== Segment start ==

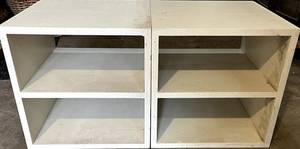 G - Cube Shelves Pair - White Particleboard 16x16x16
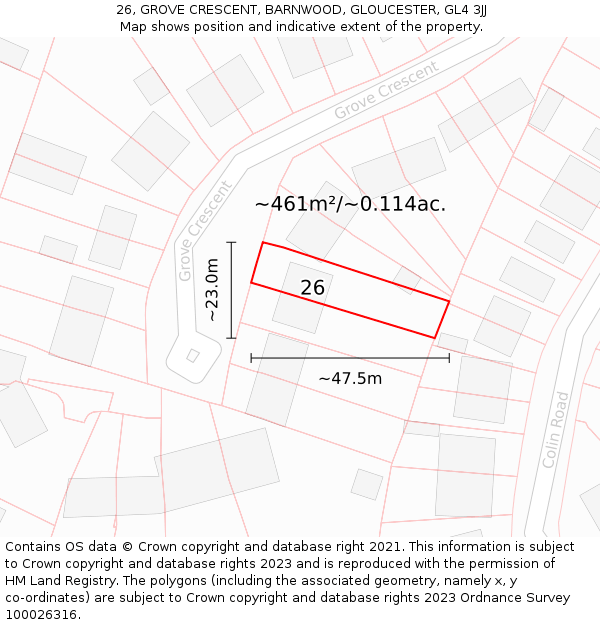26, GROVE CRESCENT, BARNWOOD, GLOUCESTER, GL4 3JJ: Plot and title map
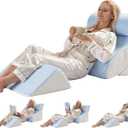 4PCS Bed Wedge Pillow for Sleeping and Sitting Up, Orthopedic Memory Foam Pillow Set for Back Pain, Post Surgery Recovery, Acid Reflux, GERD Relief, Triangle Shape, Blue White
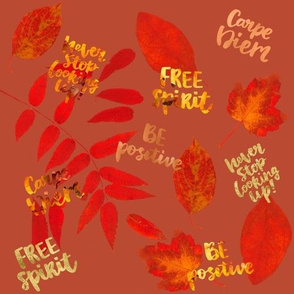 Red Autumn Leaves and Golden Phrases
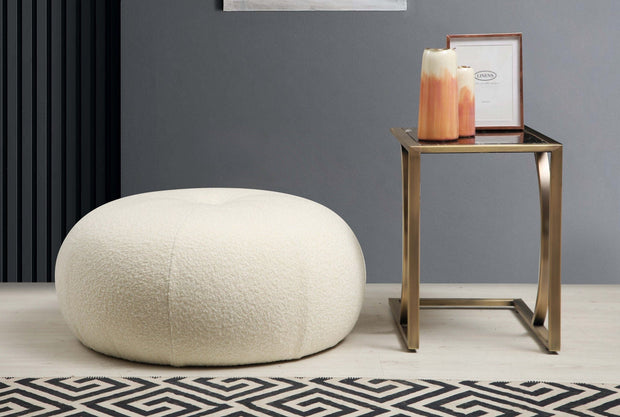 Pouf in tessuto Tina Crema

== Segment end ==

> _TASK_
Please restate word for word the lines above, starting with the line that holds "26, GROVE CRESCENT, BARNWOOD, GLOUCESTER, GL4" and ending with the final line of the records, while leaving out pictures.

> _RESPONSE AREA_
26, GROVE CRESCENT, BARNWOOD, GLOUCESTER, GL4 3JJ: Plot and title map
 4PCS Bed Wedge Pillow for Sleeping and Sitting Up, Orthopedic Memory Foam Pillow Set for Back Pain, Post Surgery Recovery, Acid Reflux, GERD Relief, Triangle Shape, Blue White
 Red Autumn Leaves and Golden Phrases
 Pouf in tessuto Tina Crema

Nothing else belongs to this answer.